Face à l'urgence climatique et à la pression croissante des régulateurs et de la société civile, l'industrie pétrolière développe diverses stratégies pour réduire son empreinte carbone. Ces initiatives, qui vont de l'amélioration de l'efficacité opérationnelle à l'investissement dans les énergies renouvelables, témoignent d'une prise de conscience du secteur quant à la nécessité de se transformer.

Technologies de capture et stockage du carbone (CSC)

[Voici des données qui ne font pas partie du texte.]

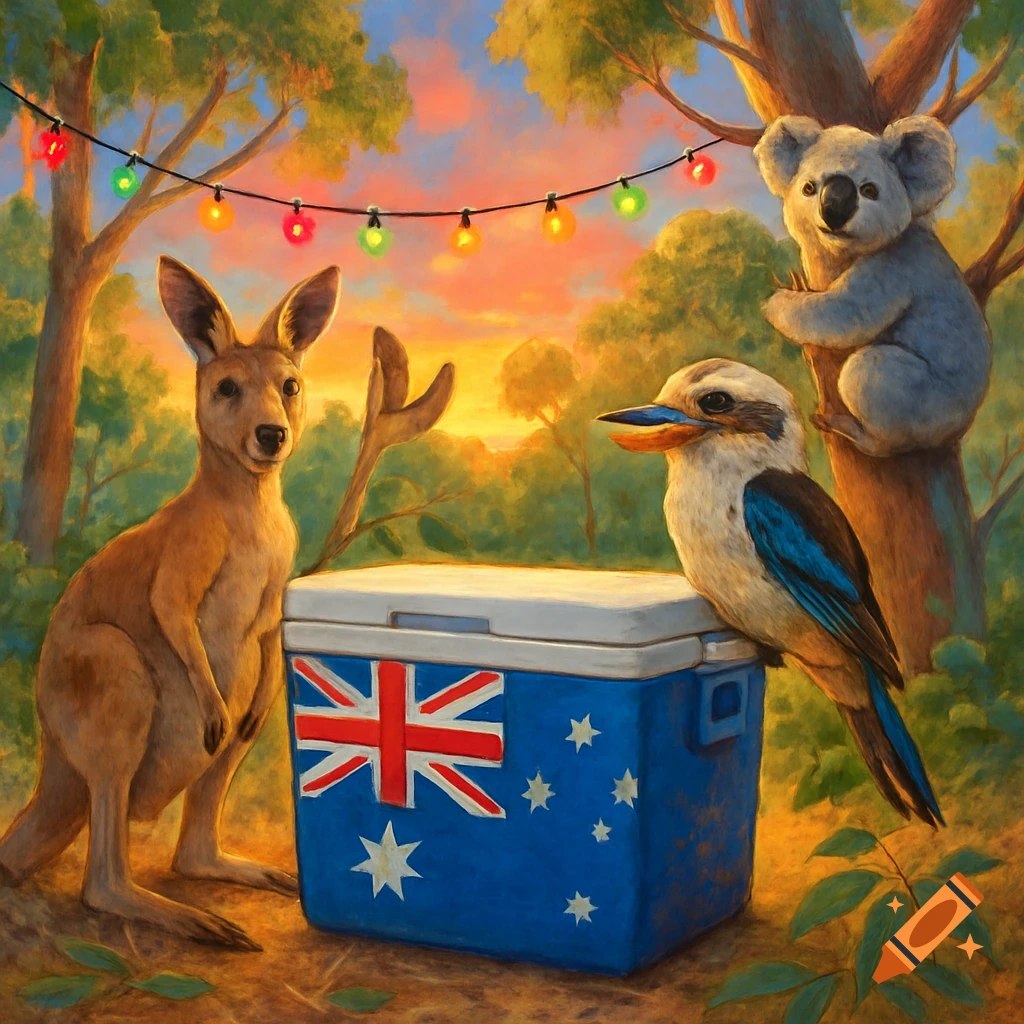 An illustrated kangaroo, kookaburra, and koala gathered around an Australian flag cooler under string lights at sunset.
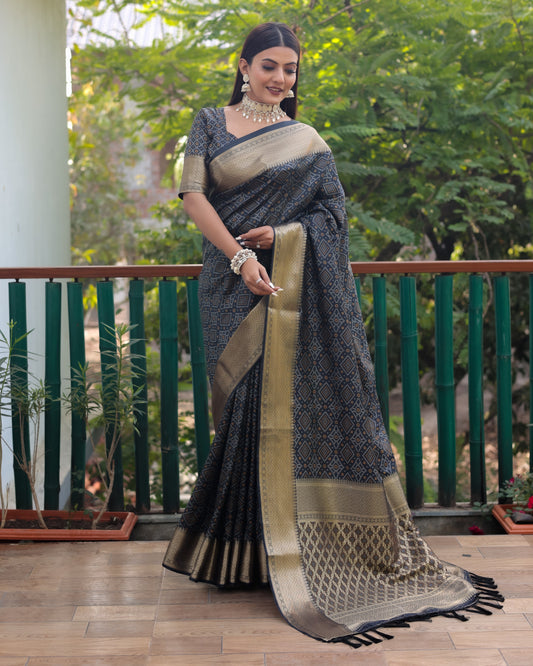 Stylish Patola Sarees Black Color Saree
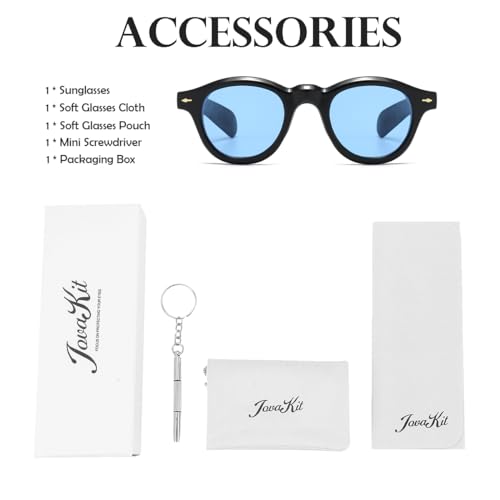 Image of JOVAKIT Trendy Round Sunglasses for Women Men 90s Retro Vintage Classic Fashion Round Frame Sun Glasses Black Shades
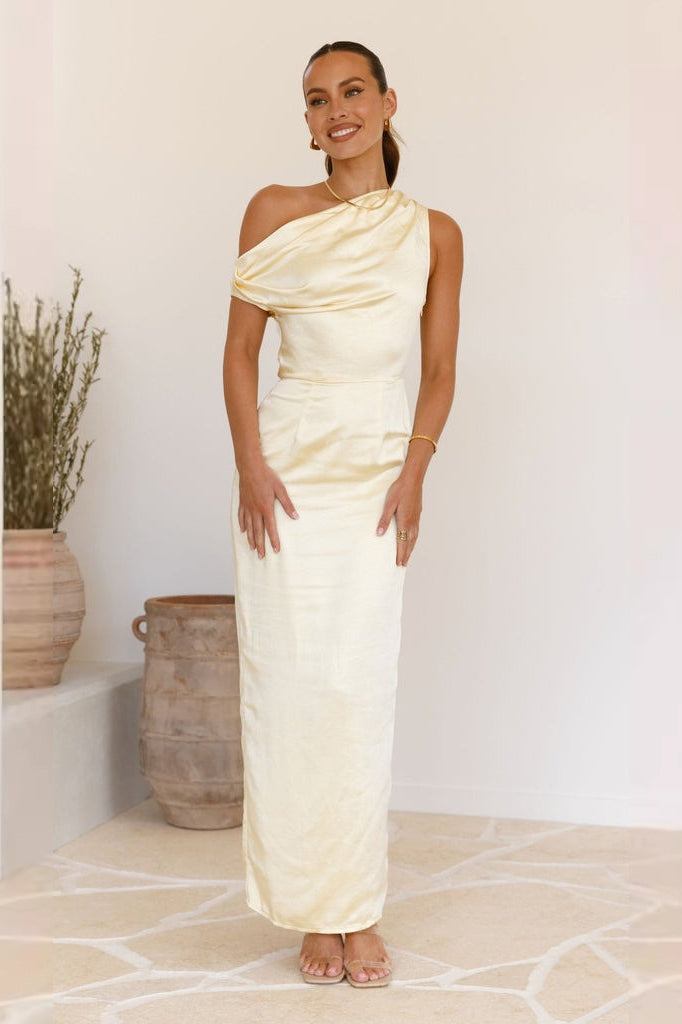 Satin One Shoulder Draped Column Maxi Dress - View 20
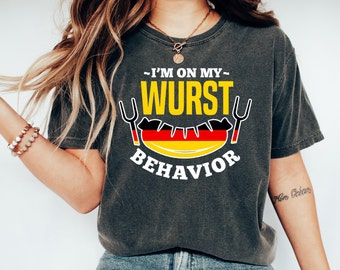 I'm On My Wurst Behavior And I Don't Give Schnitzel Shirt German Flag Shirt German Friend Gift For German Nein Shirt Funny German Gift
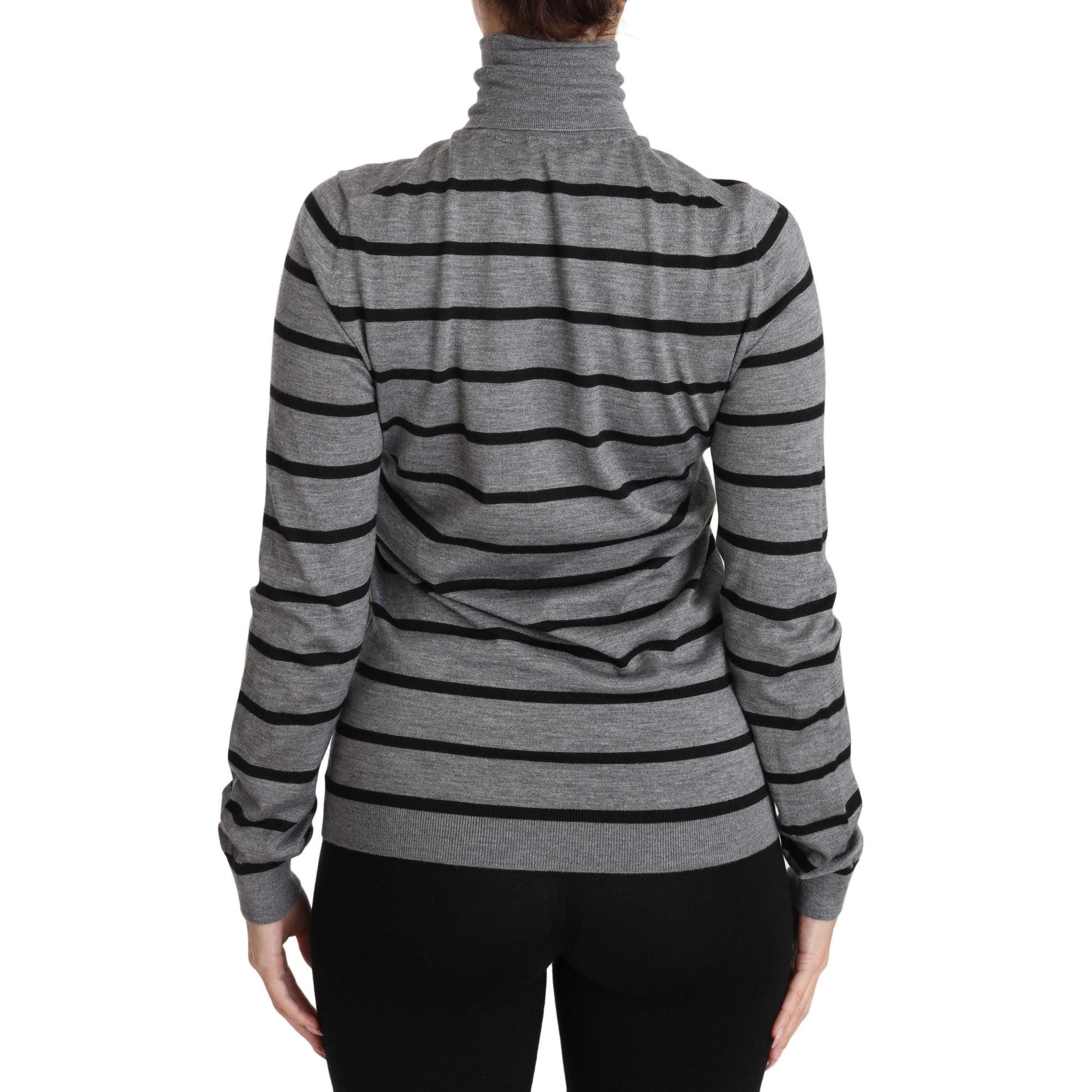 Gray Cashmere Silk Turtleneck Sweater - coffeewithmee2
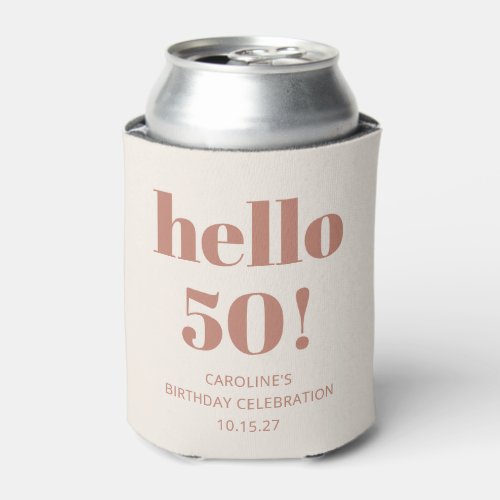 Bold Typography Terracotta Modern 50th Birthday  Can Cooler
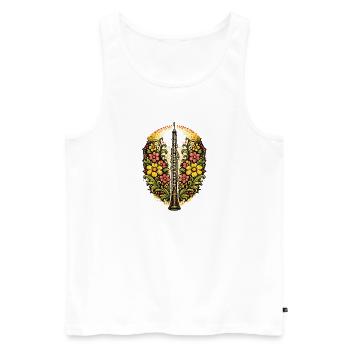 Floral Saxophone Bloom - Men's Premium Organic Tank Top - white - Front - AI Model Male 178 light (178cm)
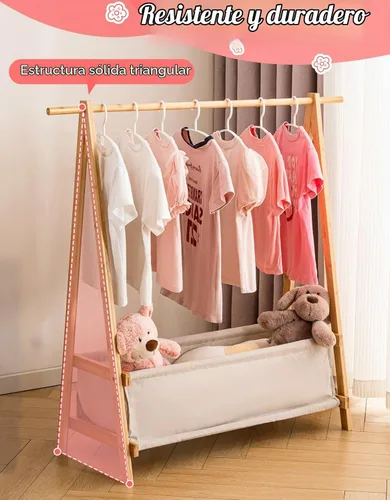 Vista 5 de Perchero de ropa para niños con caja de almacenamiento, Perchero de disfraces para niños, Perchero de disfraces de danza para colgar ropa, Perchero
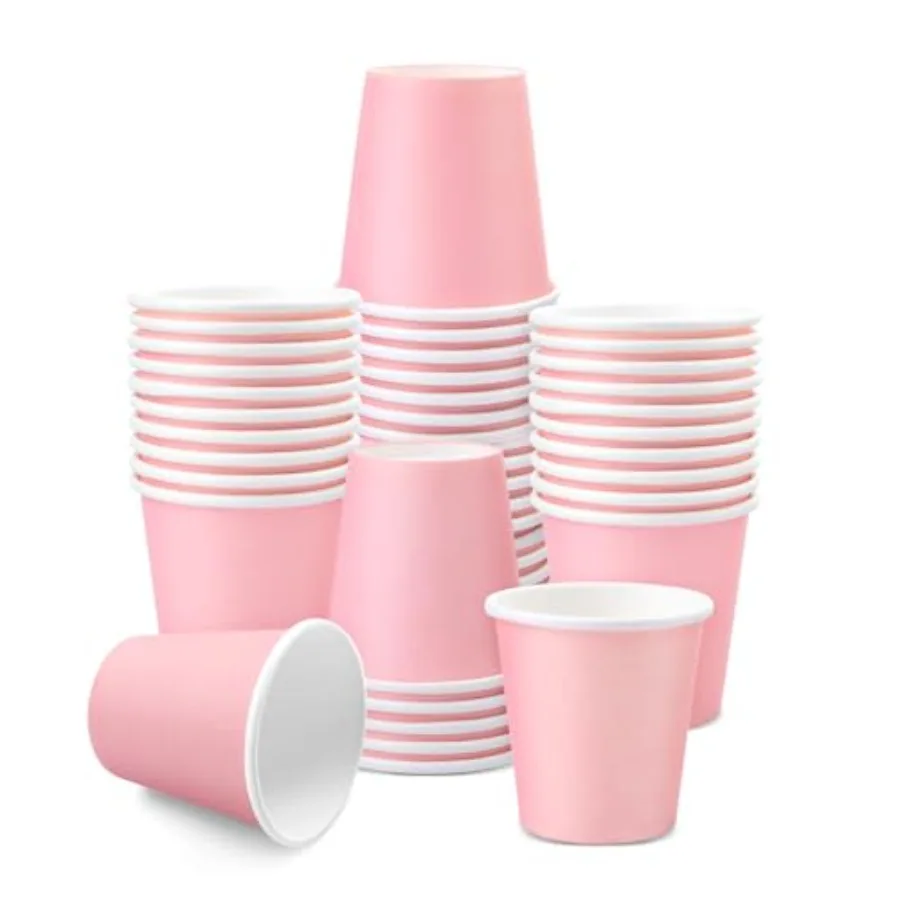 50 Pack 3 oz Bathroom Cups, 3 oz Disposable Paper Cups, Mouthwash Paper Cups, Small Paper Cups for Mouthwash, Snack Cups, Espre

La capture et le stockage du carbone (CSC) est une technologie sur laquelle l'industrie pétrolière mise beaucoup pour réduire ses émissions. Cette technique consiste à capter le CO2 émis lors des processus industriels, à le comprimer, puis à l'injecter dans des formations géologiques profondes pour un stockage à long terme. Plusieurs grands groupes pétroliers, comme ExxonMobil et Shell, investissent massivement dans le développement et le déploiement de ces technologies.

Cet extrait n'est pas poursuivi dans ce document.